I flew to Addis Ababa with musical dreams in my idealistic head of the Ethiopian children singing four-part Bach chorales. I settled a few months later for the students at Haile Selassie High School getting through all the verses of “Old MacDonald Had a Farm” in unison. But the Peace Corps education took over when I began finding ways to teach them their own music.
Geography, civil rights, music – all those forms of education seemed trivial when I began to understand some of the essences of time. I stood in line at a bank for 15 minutes to get change for a dollar so I could put money in the parking meter. When I got to the front of the so-called line, I was informed they only changed bills for bills at that counter, and I would have to go there, pointing to another extremely long, amorphous line, to get loose change for my dollar bill. After enough of this kind of incident I began to wonder about the real value of efficiency anyway, what was I going to do with the time saved if I had been in the right line, and what could I do with the time I had to spend waiting again. Everyone else was talking to one another. No one was grumbling about inefficiency. It was a community of people being together while waiting for Godot, or at least for a few quarters.
Time. I bought some wooden prayer beads from a shepherd in the Axum mountains. He wanted them for the next religious holiday, however, and did not want to give them to me right then. Somehow we negotiated that he would get them to the American Embassy in Addis and I would pick them up there. I forgot about the beads and the few dollars I had given the shepherd for them, when one day the Embassy left a message for me to pick up my package. The shepherd had waited for a bus going to Addis, hailed the bus, and given the beads wrapped in a newspaper with my name on it to the driver. How long he waited for the bus I’ll never know. I do know that his honesty and commitment were more powerful than his need to get on with the next job.

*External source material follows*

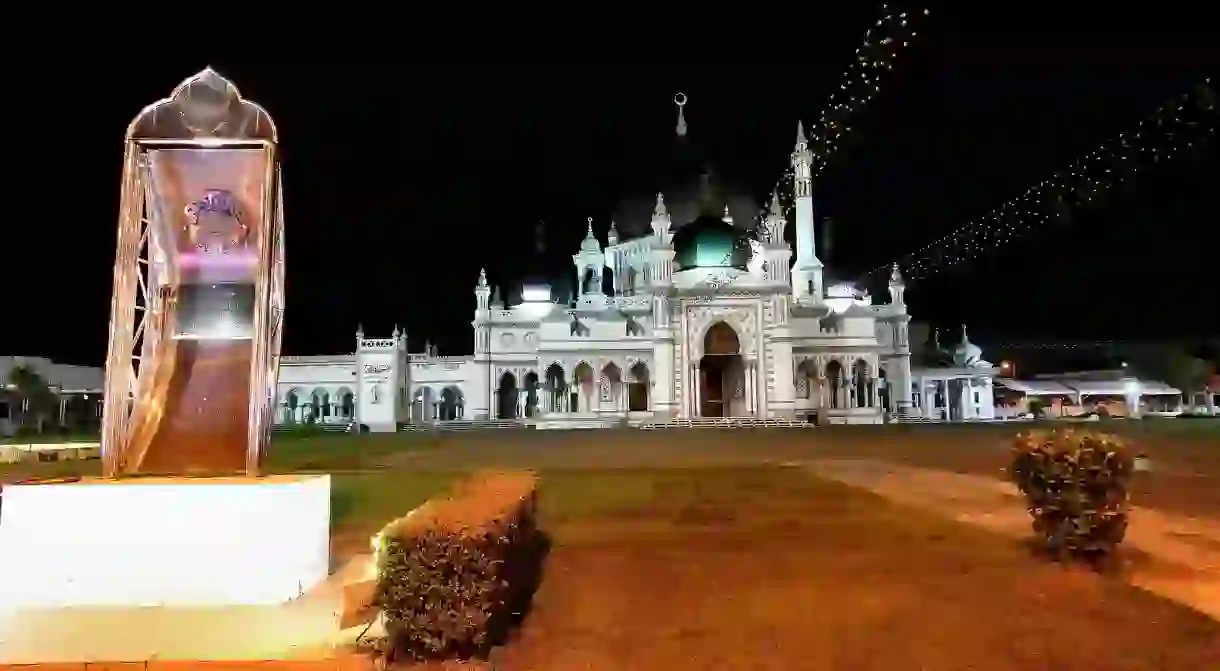 Zahir Mosque on the night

An old man was walking the streets of Addis, asking if anyone had seen his nephew Tadessa. Most people could not help him for they knew no Tadessa, but some asked for the last name, and asked where he was from, and asked where he was supposed to meet his nephew, and he said simply in Addis. When asked when the uncle had last seen his nephew, he said, “Fifteen years ago,” but they had promised to meet one day again. The Washington Post last week said we answer the question, “Who are you,” by identifying what we do. Would the man say I am the man looking for his nephew, or would we simply look into his eyes and see the belief and peace that transcends time, and momentarily join this man on his journey.

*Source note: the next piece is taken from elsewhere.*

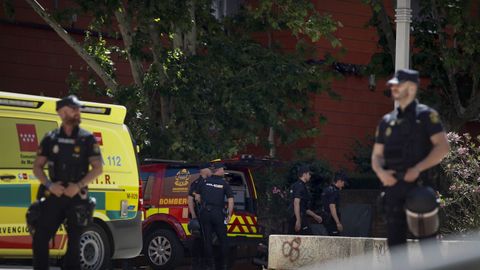 Negociadores de la Policía Nacional durante el atrincheramiento de un hombre con su hija en Coslada.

For all the time I spent longing for the richnesses and delights of home, when I got there I found I was thrilled by three things besides family and friends: chocolate ice cream, enormous supermarkets, and the fact that people got out of the way of ambulances and fire trucks, instead of thronging into the streets to see what was going on.
In exchange for the deprivation of these three aspects of life, I got educated. My idealism had soared, then plunged, and then leveled off as I understood the third, and perhaps most important point of the Peace Corps – to return home to educate our own natives, or indigenous population, a 60s term to refer delicately to “those people.” “Those people” are my own, and I have worked for the last 25 years to pay homage to what Ethiopia and the Peace Corps taught me.